The district court had focused on the question of whether common issues existed as to the antitrust injury allegedly suffered by the class; in this regard, it relied on defendant’s expert (who addressed injury) rather than Cordes’s expert (who addressed damages) “because only he had ‘addresse[d] the question before the Court – which is whether antitrust injury… can be proved by evidence common to the class.’” Cordes, at 106. The Second Circuit disagreed, holding that the experts addressed “the same question: whether injury-in-fact is susceptible to common proof in this case.” Id. In the opinion of the Circuit Court, “Neither expert offered any views on the legal question of whether common evidence could prove that the injury allegedly suffered was ‘of the type the antitrust laws were intended to prevent and that flows from that which makes defendants’ acts unlawful.’” Id. (citation omitted). The Circuit Court explained that differences addressed by the experts go to amount of damages, but the predominance inquiry should focus on whether a comparison (without inserting actual numbers) would be sufficient to demonstrate a common question of injury-in-fact – a question it directed the district court to resolve on remand. Id., at 107. But the Second Circuit further held that the “legal question raised by the antitrust element” in this case was common to the class: because the class action complaint alleged only horizontal price-fixing, “each class member allegedly suffered the same type of injury,” id.
The Second Circuit also concluded that common questions did predominate in this case, as it requires only “‘issues in the class action that are subject to generalized proof, and thus applicable to the class as a whole, … predominate over those issues that are subject only to individualized proof,’” Cordes, at 107-08 (citation omitted), which is “‘a test readily met in certain cases alleging … violations of the antitrust laws,’” id., at 108 (citation omitted). Here, even if the district court determines on remand that individual questions must be resolved to determine the issue of injury-in-fact, common issues may be still predominate, explaining at page 108: “These questions, at least, are common: (1) all factual and legal questions that must be resolved to determine whether the defendants violated Section 1 of the Sherman Act; and (2) all factual and legal questions that must be resolved to decide whether, assuming a plaintiff paid supracompetitive prices, that payment was caused by the defendants’ antitrust violation and constitutes the kind of injury with which the antitrust laws are concerned.”

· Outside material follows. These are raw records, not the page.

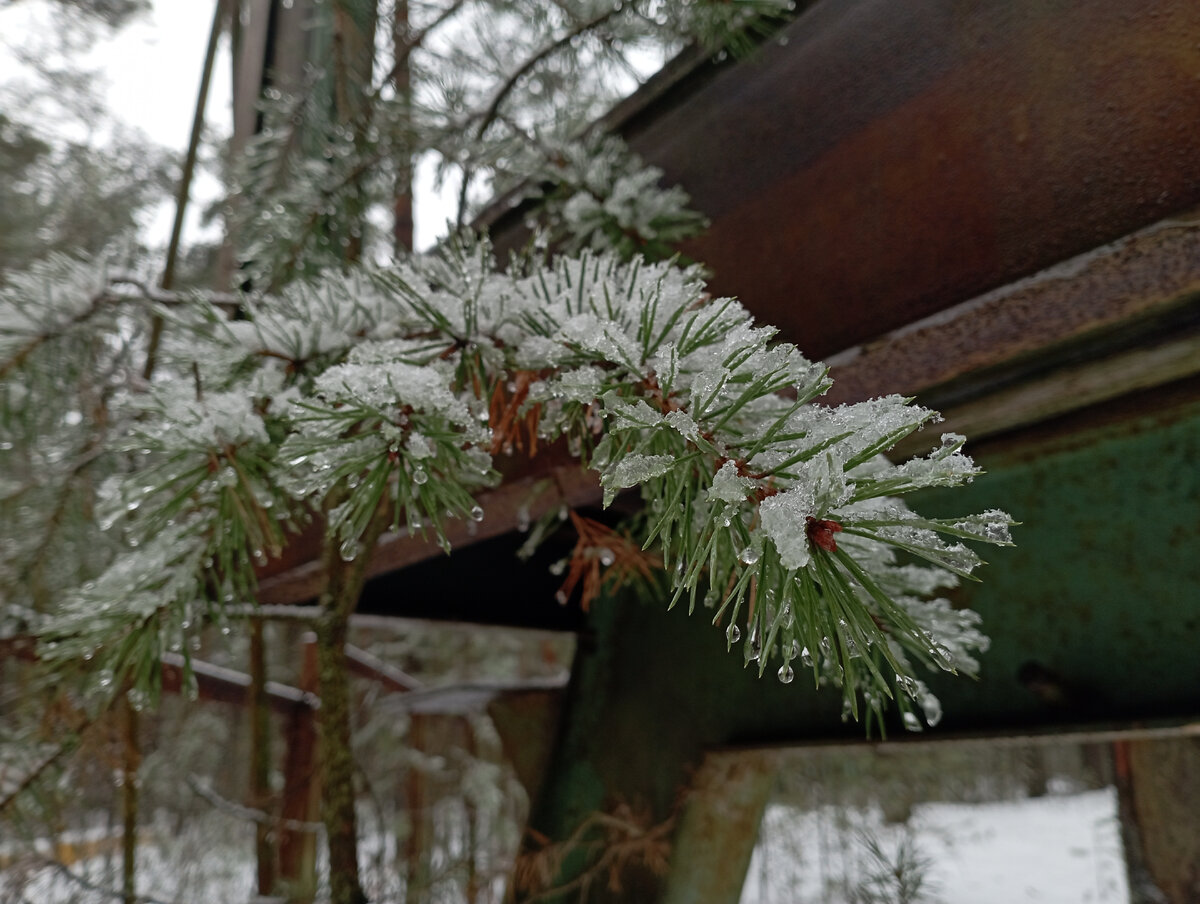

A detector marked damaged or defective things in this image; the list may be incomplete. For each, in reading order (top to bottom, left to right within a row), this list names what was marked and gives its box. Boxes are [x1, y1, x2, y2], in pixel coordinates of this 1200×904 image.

rusted steel girder [600, 0, 1200, 360]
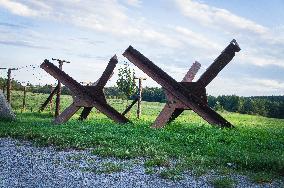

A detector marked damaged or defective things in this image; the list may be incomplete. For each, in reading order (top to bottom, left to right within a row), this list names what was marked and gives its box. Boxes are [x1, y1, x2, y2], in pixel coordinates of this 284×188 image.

rusted steel beam [38, 85, 58, 112]
rusted steel beam [40, 57, 129, 125]
rust stain on metal [40, 54, 130, 125]
rusted steel beam [122, 97, 139, 115]
rusted steel beam [123, 40, 240, 128]
rusted steel anti-tank hedgehog [123, 39, 241, 128]
rust stain on metal [123, 39, 241, 128]
rusted steel beam [196, 39, 241, 87]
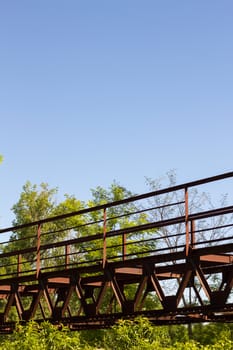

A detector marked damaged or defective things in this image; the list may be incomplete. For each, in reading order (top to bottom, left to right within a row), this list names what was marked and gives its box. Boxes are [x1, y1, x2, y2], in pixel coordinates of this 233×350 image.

rusty metal bridge [0, 173, 232, 334]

Finally, the Second Circuit held that the district court could also consider granting class action certification as to “particular issues” only, rejecting the Fifth Circuit’s view that class action treatment under Rule 23 “is available only if common questions predominate in the claim as a whole.” Cordes, at 108-09 (citation omitted). In the end, the Circuit Court remanded the action for further proceedings, id., at 109.